- PROVIDED MATERIAL
——————————
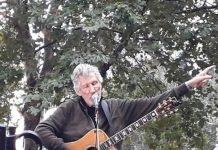 Exbajista de Pink Floyd pide libertad para Julian Assange exbajista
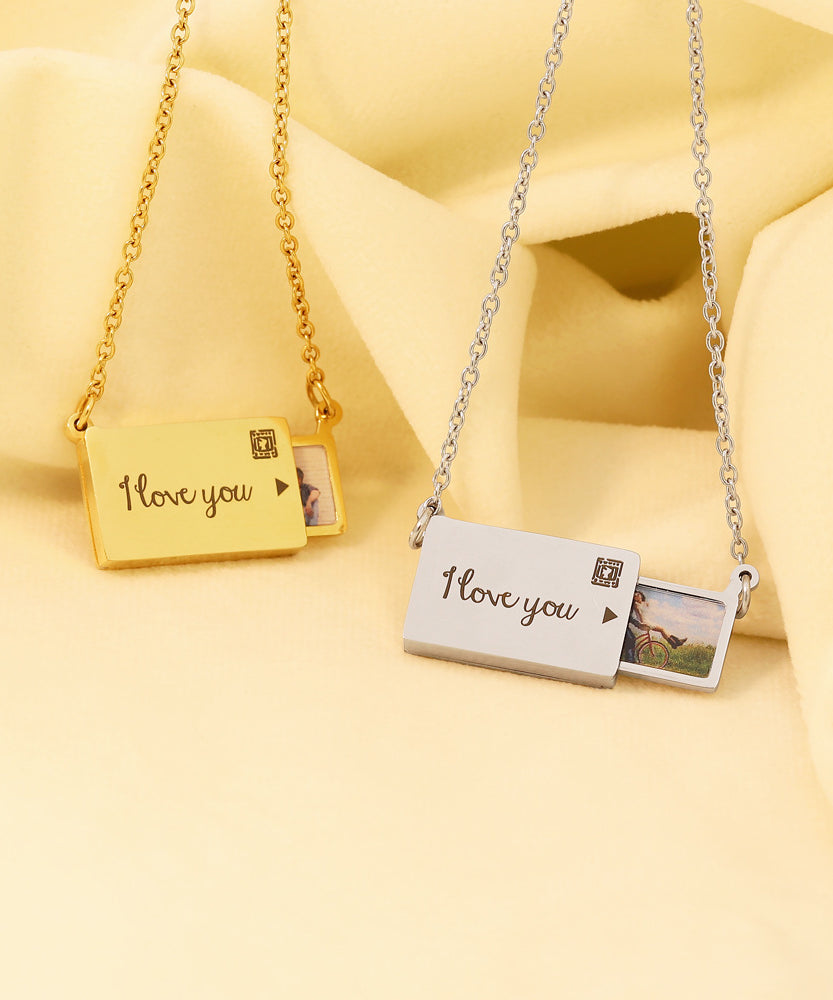 Customized Creative Pull-out Photo Box Necklace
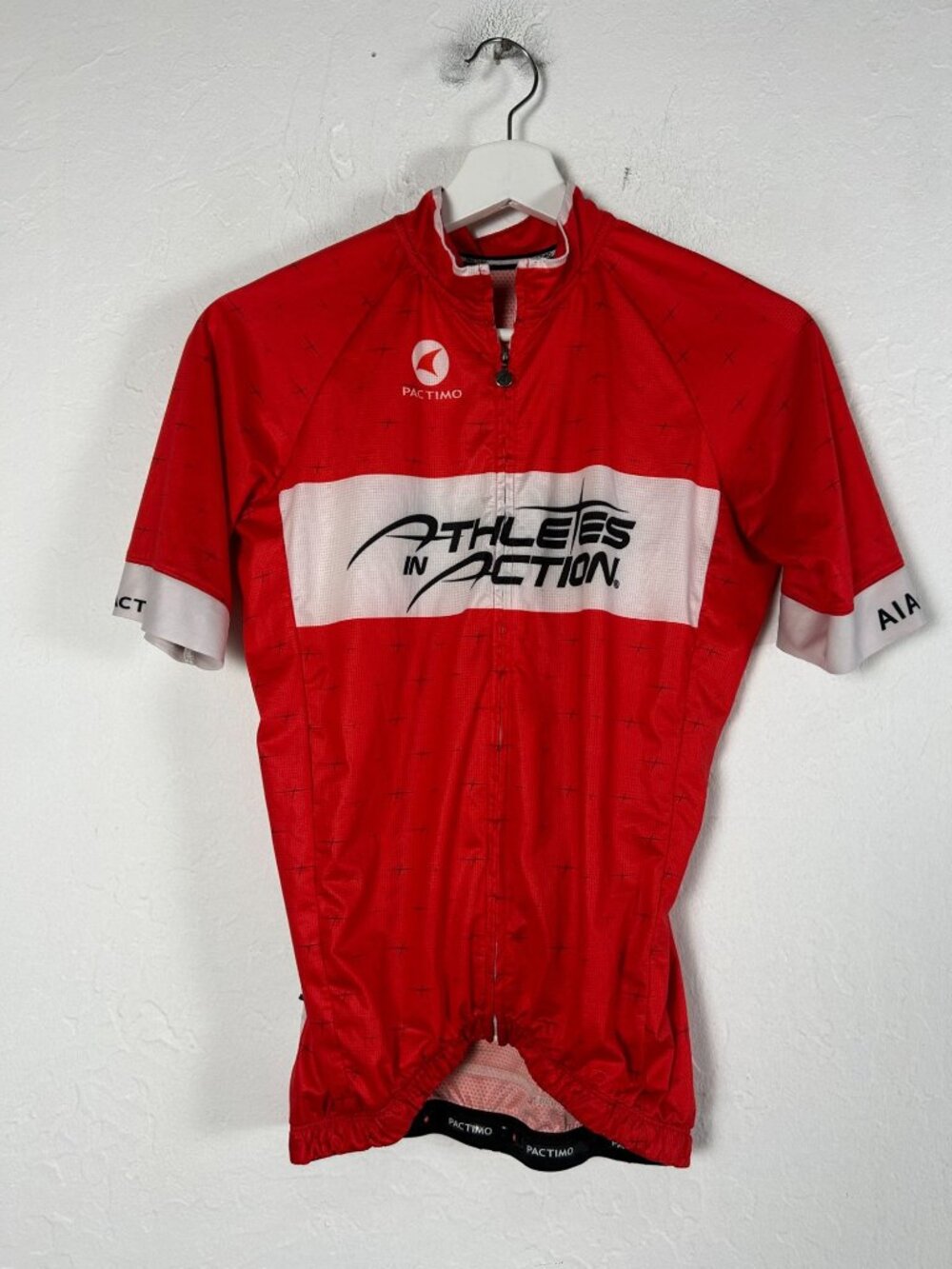 Pactimo Athletes In Action Red Cycling Jersey Mens Medium Short Sleeve Full-Zip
——————————
- WHAT IS REQUIRED
Are you able to set down all the lines above exactly, without any pictures?

- EXERCISE RESPONSE
 Exbajista de Pink Floyd pide libertad para Julian Assange exbajista
 Customized Creative Pull-out Photo Box Necklace
 Pactimo Athletes In Action Red Cycling Jersey Mens Medium Short Sleeve Full-Zip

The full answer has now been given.